Data section.
•••

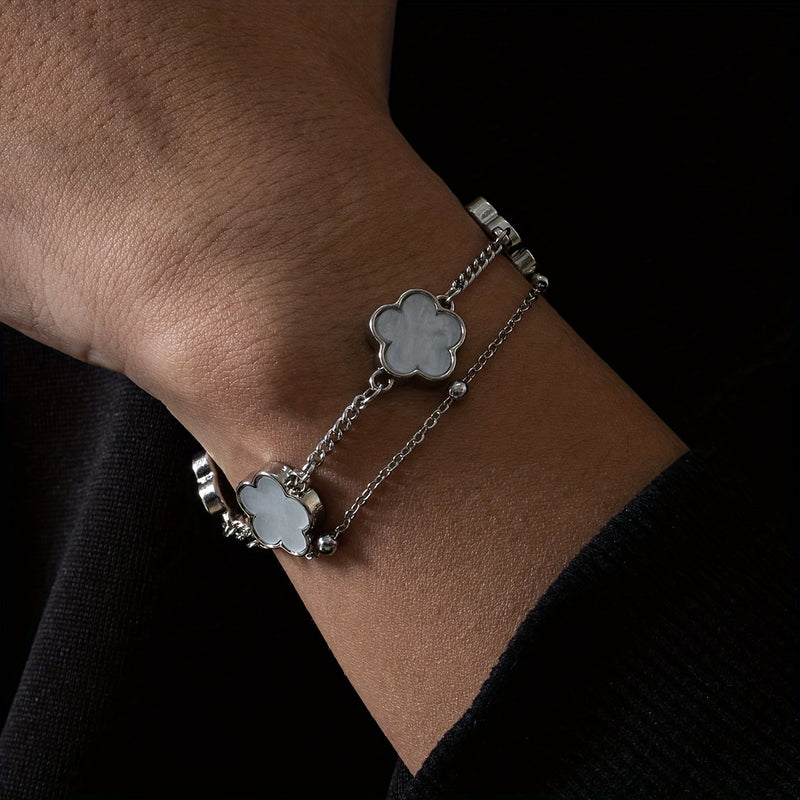 Simple and Stylish Men's Bracelet with Clover Charm for Daily Wear - Birthday Gift, Random Number of Beads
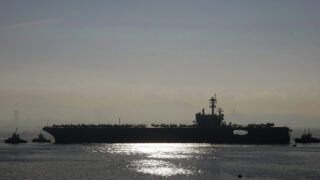 To αεροπλανοφόρο USS George H.W. Bush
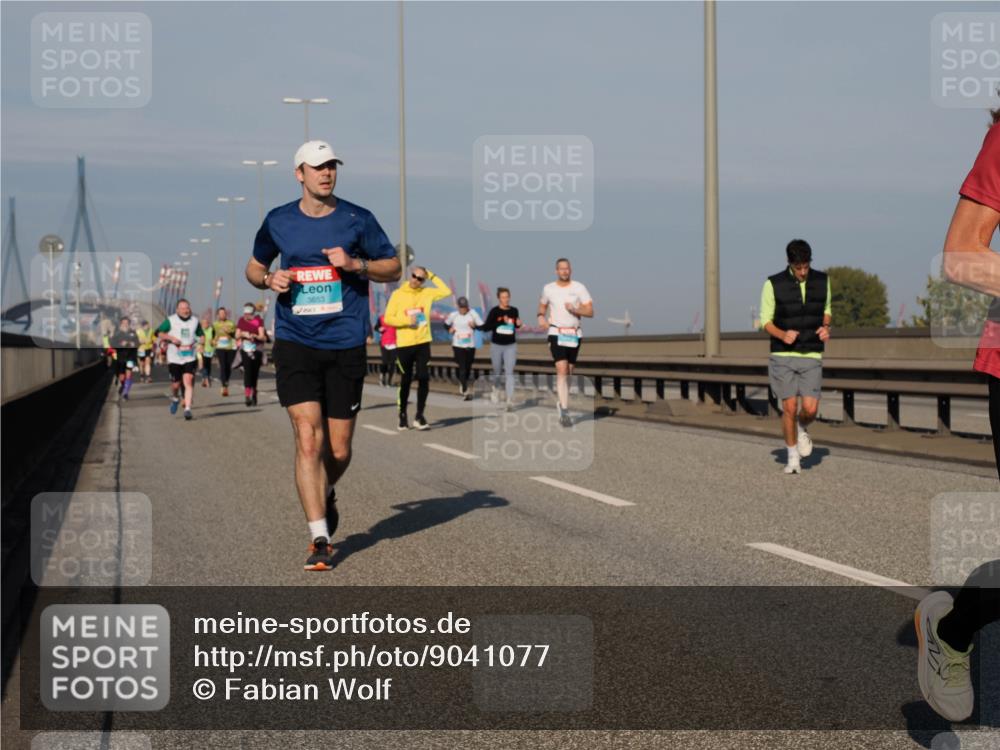 03.10.2025 - Köhlbrandbrückenlauf Fabian Wolf http://msf.ph/oto/9041077 03.10.2025 09:54:56 Position 3 3653 meine-sportfotos.de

•••

Brief. Every line above must appear in the answer unchanged, and no picture may appear in it.

Answer space.
 Simple and Stylish Men's Bracelet with Clover Charm for Daily Wear - Birthday Gift, Random Number of Beads
 To αεροπλανοφόρο USS George H.W. Bush
 03.10.2025 - Köhlbrandbrückenlauf Fabian Wolf http://msf.ph/oto/9041077 03.10.2025 09:54:56 Position 3 3653 meine-sportfotos.de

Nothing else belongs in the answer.